The CNVR on chromosome 24 was called by all three algorithms. OSBPL2 appeared in all 3 regions and COL9A3 was only found in one of those regions. OSBPL2 is a lipid binding protein that is an important regulator of intracellular cholesterol homeostasis through lipid metabolism and transport. Knockout OSBPL2 bama miniature pigs have hypercholesterolemia, increase in adipocytes, with obesity phenotypes [85]. The link between decreased OSBPL2 expression and obesity in an animal model is interesting given obesity is a known epidemiological risk factor for canine ACL rupture and two of the chromosome 24 CNVRs were deletions. COL9A3 encodes for the α3 chain of type IX collagen.

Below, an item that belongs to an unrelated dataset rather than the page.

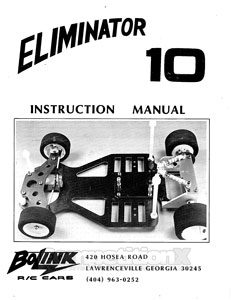 Bolink Eliminator 10 Manual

In humans, mutations in COL9A3 have been associated with two genetically and phenotypically heterogenous types of osteochondrodysplasia, multiple epiphyseal dysplasia (MED) and pseudoachondroplasia (PSACH) [8688]. MED is clinically characterized by mild to moderate short stature, abnormally small and/or irregular epiphyses, and early-onset OA predominantly in the hip and knees. PSACH is characterized by disproportionate short-limbed short stature, joint laxity, long bone deformities and early-onset OA. Both MED and PSACH can have varying levels of phenotypic severity. Interestingly, COL9A3 mutations have been linked to oculoskeletal dysplasia (OSD) in the Labrador Retriever [89]. OSD dogs can have a range of phenotypes which include short-limbed dwarfism, delayed epiphyses development, cataracts, retinal dysplasia, and retinal detachment [90]. One study performed candidate gene analysis for ACL rupture in the Newfoundland including COL9A3 as a candidate gene because of its known associations with primary arthritis and osteochondrodysplasias in humans [91]. No significant association was found with COL9A3 and ACL rupture in the population of 90 Newfoundland dogs. Another candidate gene study found no association with COL9A3 and ACL rupture in 12 Boxers [92]. Despite the Newfoundland and Boxer representing high-risk ACL rupture breeds, the candidate gene approach is most successful at identifying large effect mutations associated with monogenic traits and is limited at complex disease small-effect variant discovery [93].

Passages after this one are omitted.